延期の理由もしっかり伝えない。北朝鮮という国は理解しがたい。

韓国の対北人道支援団体である『Good Friends』が最新ニュースで党代表者会の延期が正式決定されたと伝えました。

http://www.goodfriends.or.kr/n_korea/n_korea1.html?sm=v&p_no=8&b_no=11325&page=1

[366号] 366号2010.09.15 606

今年44年ぶりに開く予定だった党代表者会は9月14日夕方結局延期になった。 その間平壌に集結して会議開催を待っていた代表らに今朝正式に通知された。 本来今回の代表者会日程は4日から参加者登録を始めて事前日程を消化した後、7-8日会議をし、9.9節行事まで参加して終えるということだった。 そうするうちに遅れ、これまで開かれずにいた。 遅延の正確な原因を知らないのは平壌に集結した代表者たちも同じだった。 キム・ジョンイル委員長の健康不安や後継問題に起因する葛藤など色々なうわさがあった。 一部幹部の間には会議が今月末に延期になるという噂が広がりもしたが、全国的に代表者が再び集まるのは容易ではないので、どうにか今回の機会に開くだろうと引き続き待つ雰囲気であった。  

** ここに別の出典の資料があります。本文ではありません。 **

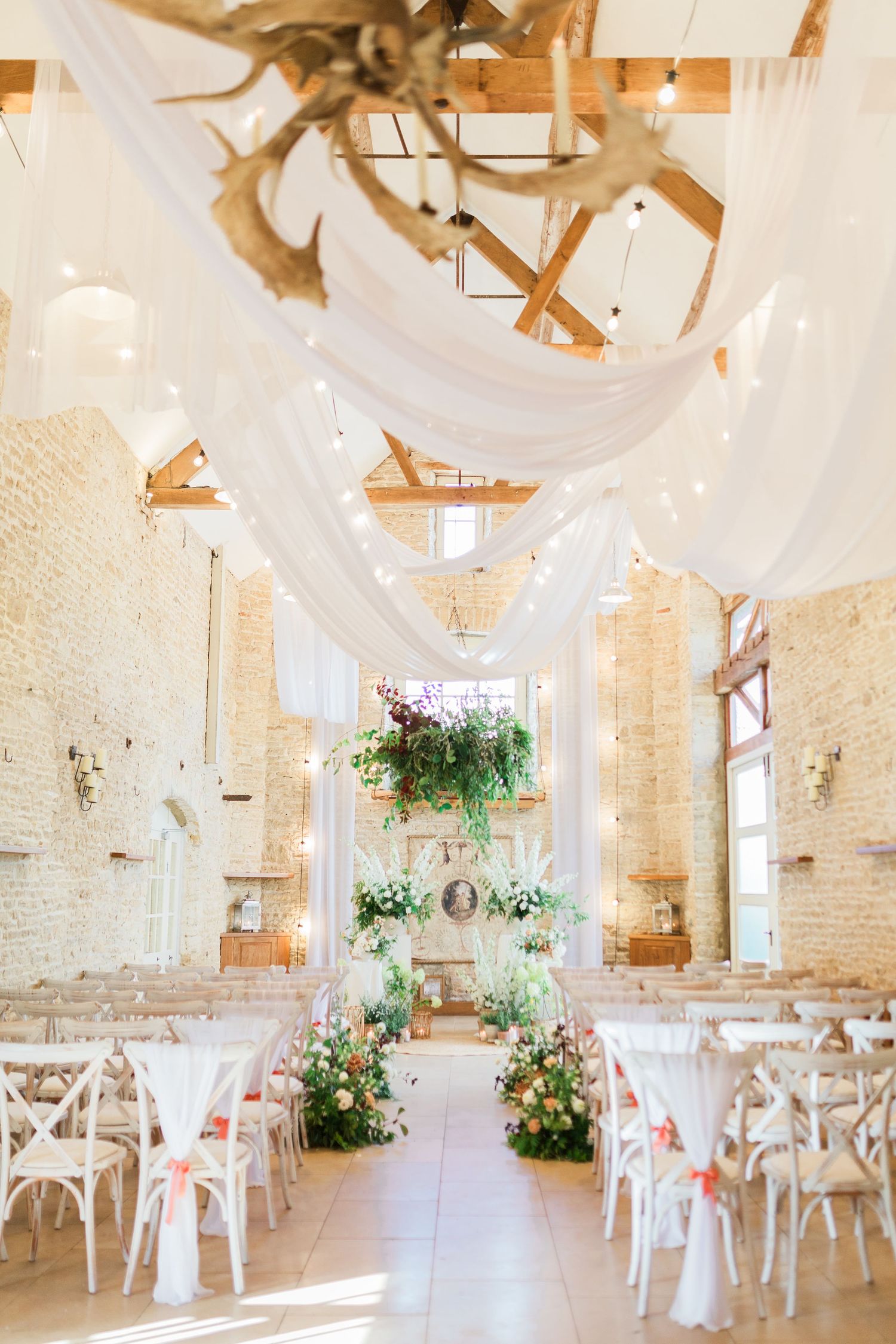 Elegant indoor wedding with white draping, floral arrangements, and white chairs at Merriscourt Oxfordshire by Hayley Elizabeth Photography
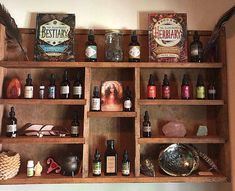 an old wooden shelf filled with bottles and other items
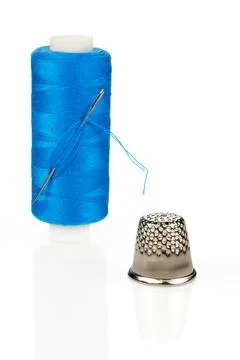 Blue Thread Spool with Needle and Silver Thimble Close-up Isolated Stock Photos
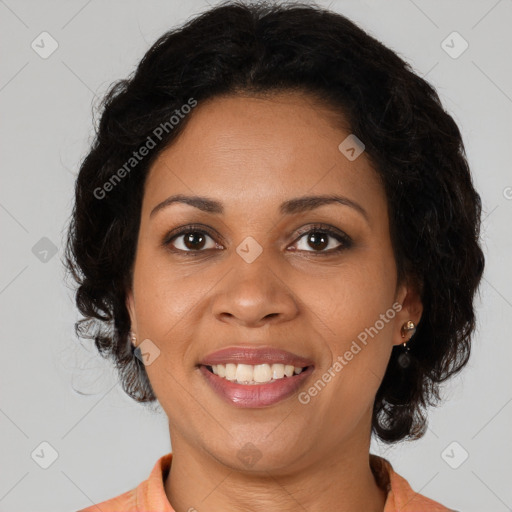 Joyful black young-adult female with long  brown hair and brown eyes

昨日最終的に会議延期を確定したが、その原因は定足数未達のためであることが分かった。 9月4日に参加者登録を始めた時、参加者数の半分がまだ参加できない状態であった。 9.9節行事を終えた後まで待ったが、昨日夕方までも定足数が不足し、結局延期することに決めたという。 参席者の1人は「今回知らされたのは、各道から参加しなければならない代表者たちが水害で道路が途切れ、道が塞がり、まだ到着できない人数が多かったため」と語った。

今回の会議で後継構図が確定すると発表されたが、代表者が不足した状態であえて代表者会を開催し無理に後継を公式化する必要はないというのも理由であった。 また、現在全国の食料事情がかなり厳しく、水害被害で全国の住民が塗炭の苦しみにある状況も後継者公式登場に不利と判断した。 住民の不信と不満が後継者に向けられ得るので、少なくとも水害復旧と食料事情が好転する名分があってこそ後継者が堂々と登場できるのではないかということだ。 

会議参加者に配布する会議文書も準備されていたが、こうした事情で会議開催日程はもう少し先送りすると見られる。 キム・ジョンイル委員長も代表者の集結を待ちながら現地視察などの日程を消化し14日平壌に到着したと伝えられた。 しかし参加者数が不足した状態で無理に会議を開催する理由がなくなり、ひとまず会議開催日程の延期を公式に決めた。 しかし大部分の代表者は今朝まで会議が開くと期待していた。 現在は党代表者会がいつまた開かれるのかまだ確定していない。 今月末ごろ党代表者会の日程をまた議論し、10・10党創建日以前に開催する方向にまとまるとみられる。 代表者会延期の消息を聞いた代表者らは平壌を離れて地元に向け帰り始めた。